- TO DO -
Set down, word for word, the line with "Работает ли закон" and the lines after it through the final line of the data below, without pictures.

- MATERIAL PROVIDED -
####
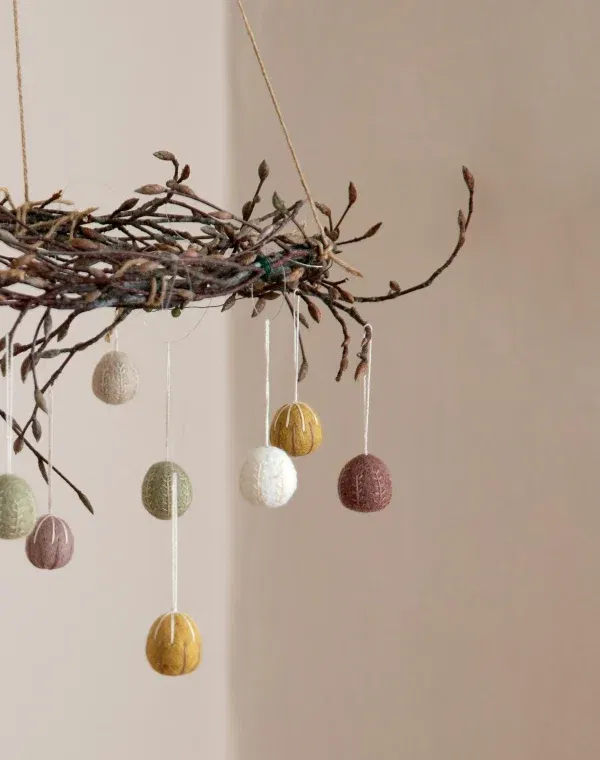 Pendenti in feltro set 3 uova ricamate Clay Colors GRY & SIF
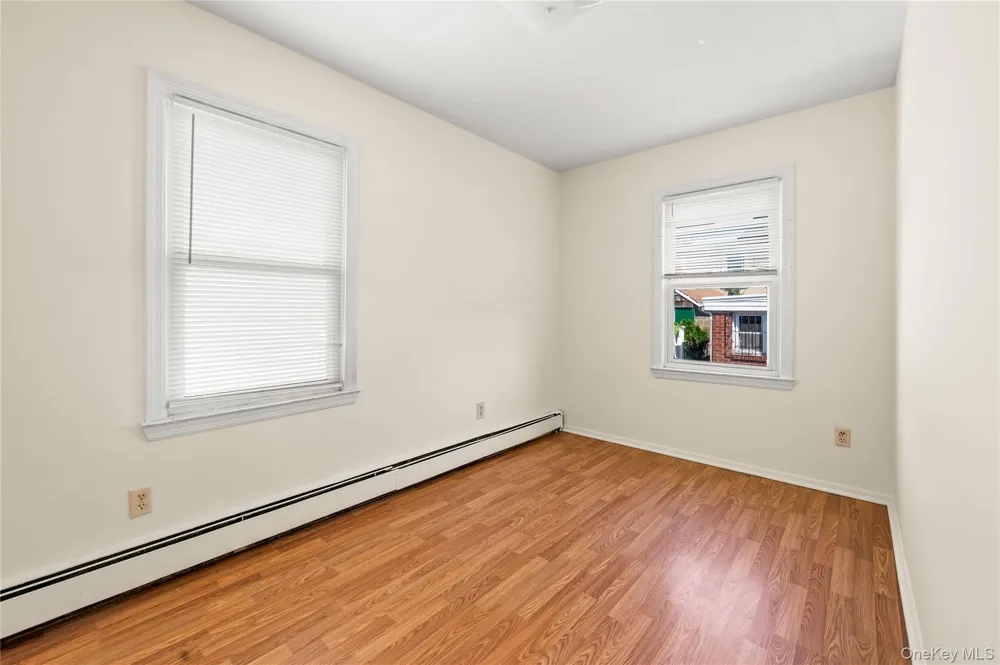 21 Beechwood Avenue Port Washington, NY 11050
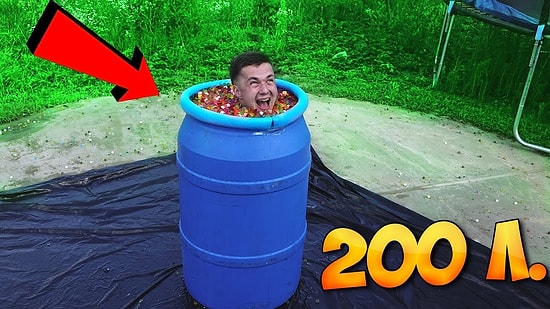 Работает ли закон Архимеда для орбизов? Сколько шариков вытеснит, если прыгнуть в бочку с ними?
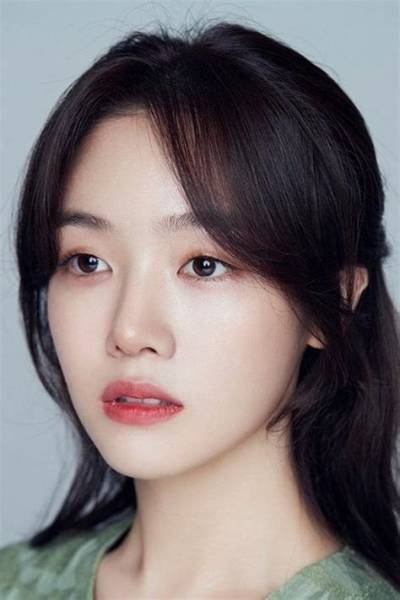 Bang Min-Ah Net Worth 2024, Age, Height, Bio, Birthday, Wiki!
####
- THE COMPLETED TASK -
 Работает ли закон Архимеда для орбизов? Сколько шариков вытеснит, если прыгнуть в бочку с ними?
 Bang Min-Ah Net Worth 2024, Age, Height, Bio, Birthday, Wiki!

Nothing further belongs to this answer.